Something strange just landed in my e-mail in box: A memo from Hillary Clinton's campaign titled "Obama Must-Wins." The memo attempts to paint the states that hold their nominating contests on March 4 -- Ohio, Rhode Island, Texas and Vermont -- as must-wins for Barack Obama. That is, to put it in the most generous terms possible, a very bold attempt at spin. For weeks now, Ohio and Texas have been considered must-wins for Clinton.
There are good reasons for considering those states must-wins for Clinton, too. Obama has been on a roll since Super Tuesday -- she has to stop his momentum, and soon. More than that, she badly needs the delegates that Ohio and Texas bring to have a shot at capturing the nomination at the Democratic convention later this year, if the race gets that far. And considering the drooling anticipation with which some in the media are waiting for a final defeat for Clinton, the pile-on if she fails to capture either or both of those states will be hard to recover from.
Moreover, it's not as if the Clinton campaign has pretended to be unaware of the situation it faces. Earlier this month, former President Bill Clinton told an audience in Texas, "If she wins Texas and Ohio I think she will be the nominee. If you don't deliver for her, I don't think she can be. It's all on you."
The full memo:
The media has anointed Barack Obama the presumptive nominee and he's playing the part.

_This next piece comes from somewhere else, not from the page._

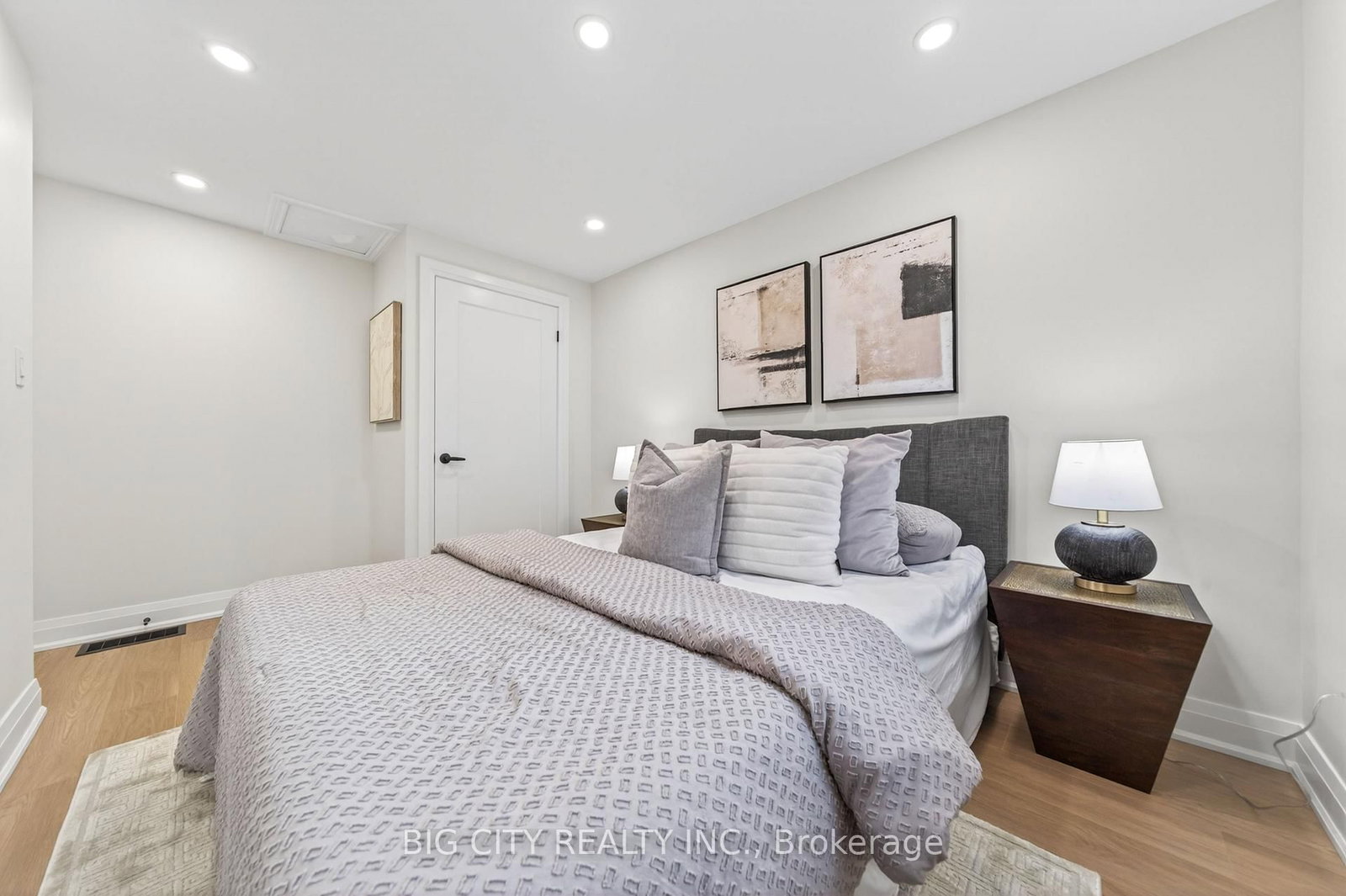 Photo 15 of 26 Carondale Crescent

With an eleven state winning streak coming out of February, Senator Obama is riding a surge of momentum that has enabled him to pour unprecedented resources into Texas, Ohio, Rhode Island and Vermont.
The Obama campaign and its allies are outspending us two to one in paid media and have sent more staff into the March 4 states. In fact, when all is totaled, Senator Obama and his allies have outspent Senator Clinton by a margin of $18.4 million to $9.2 million on advertising in the four states that are voting next Tuesday.
Senator Obama has campaigned hard in these states. He has spent time meeting editorial boards, courting endorsers, holding rallies, and -- of course -- making speeches.
If he cannot win all of these states with all this effort, there's a problem.
Should Senator Obama fail to score decisive victories with all of the resources and effort he is bringing to bear, the message will be clear:
Democrats, the majority of whom have favored Hillary in the primary contests held to date, have their doubts about Senator Obama and are having second thoughts about him as a prospective standard-bearer.